We split it on the uid using by and within the function that operates on each set of rows for a single uid, we create a zoo object, z, using yearqtr class for the index. Then we merge the time series with an empty series having all the desired quarters including any missing intermediate quarters giving zm and perform the computation giving zz.
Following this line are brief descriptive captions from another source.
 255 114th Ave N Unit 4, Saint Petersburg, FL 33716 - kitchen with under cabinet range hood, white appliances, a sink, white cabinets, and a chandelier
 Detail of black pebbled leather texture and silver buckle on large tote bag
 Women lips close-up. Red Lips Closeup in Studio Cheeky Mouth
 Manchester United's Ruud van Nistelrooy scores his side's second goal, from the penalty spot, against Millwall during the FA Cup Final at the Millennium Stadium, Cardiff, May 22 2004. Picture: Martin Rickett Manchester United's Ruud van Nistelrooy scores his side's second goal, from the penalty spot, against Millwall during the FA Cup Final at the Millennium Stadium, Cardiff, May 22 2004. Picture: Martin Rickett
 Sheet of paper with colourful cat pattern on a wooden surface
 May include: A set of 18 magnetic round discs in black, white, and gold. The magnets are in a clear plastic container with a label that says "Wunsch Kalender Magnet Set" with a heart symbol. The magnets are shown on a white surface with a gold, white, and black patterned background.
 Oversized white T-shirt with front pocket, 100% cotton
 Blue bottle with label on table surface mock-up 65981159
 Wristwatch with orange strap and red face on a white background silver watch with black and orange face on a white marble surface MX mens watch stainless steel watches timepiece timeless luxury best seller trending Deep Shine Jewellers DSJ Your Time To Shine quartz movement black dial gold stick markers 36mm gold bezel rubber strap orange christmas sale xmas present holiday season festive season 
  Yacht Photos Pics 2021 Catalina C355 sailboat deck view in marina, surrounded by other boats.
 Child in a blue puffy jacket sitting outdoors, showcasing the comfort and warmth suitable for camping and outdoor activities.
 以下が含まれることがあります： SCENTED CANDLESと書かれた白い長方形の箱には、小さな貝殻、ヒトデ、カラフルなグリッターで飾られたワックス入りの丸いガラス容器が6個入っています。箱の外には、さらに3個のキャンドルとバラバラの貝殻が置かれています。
Finally we convert to the data.frame form on the way out:
library(zoo)
to.yearqtr <- function(x) as.yearqtr(trunc(x) + (10*(x-trunc(x))-1)/4)
DF <- do.call("rbind", by(x, x$uid, function(x) {
# columns of x are: uid tndx A1 A2
z <- zoo(x[c("A1", "A2")], to.yearqtr(x$tndx))
zm <- merge(z, zoo(, seq(start(z), end(z), 1/4)))
zz <- with(zm, cbind(zm, `A1 - A2 lag` = A1 - lag(A2, -1)))
if (ncol(zz) <= ncol(z)) zz$`A1 - A2 lag` <- NA # append NA if col not added
data.frame(uid = x[1, 1], tndx = time(zz), coredata(zz), check.names = FALSE)
}))
which gives this:
> DF
uid tndx A1 A2 result A1 - A2 lagged
1.1 1 1999 Q4 2 3 NA NA
1.2 1 2000 Q1 2 2 NA -1
1.3 1 2000 Q2 2 3 NA 0
2.1 2 1999 Q4 2 4 NA NA
2.2 2 2000 Q1 NA NA NA NA
2.3 2 2000 Q2 NA NA NA NA
2.4 2 2000 Q3 NA NA NA NA
2.5 2 2000 Q4 NA NA NA NA
2.6 2 2001 Q1 3 4 NA NA
3.1 3 2000 Q1 1 2 NA NA
3.2 3 2000 Q2 1 NA NA -1
3.3 3 2000 Q3 1 2 NA NA
EDIT: Completely re-did the solution based on further discussion. Note that this not only adds an extra column but it also converts the index to "yearqtr" class and adds the extra missing rows.
EDIT: Some minor simplifications in the by function.
I wasn't entirely clear what you wnated because you didn't include a "right answer". If you want to subtract one lagged variable from another unlagged variable you cna do that with indexing that is offset. (You do need to pad the result if you wnat it to get put back into the dataframe.
x$A1lagA2 <- ave(x[, c("A1", "A2")], x$uid, FUN=function(z) {
with(z, c(NA, A1[2:NROW(z)] -A2[1:(NROW(z)-1)]) ) } )[[1]]
x
uid tndx A1 A2 A1lagA2
1 1 1999.4 2 3 NA
2 1 2000.1 2 3 -1
3 1 2000.2 2 3 -1
4 2 1999.4 10 14 NA
5 2 2000.1 11 14 -3
6 3 2000.1 1 2 NA
7 3 2000.2 1 100 -1
8 3 2000.3 1 2 -99
You do get annoying duplicate extra columns with ave() when it argument is multicolumn, but I just took the first one.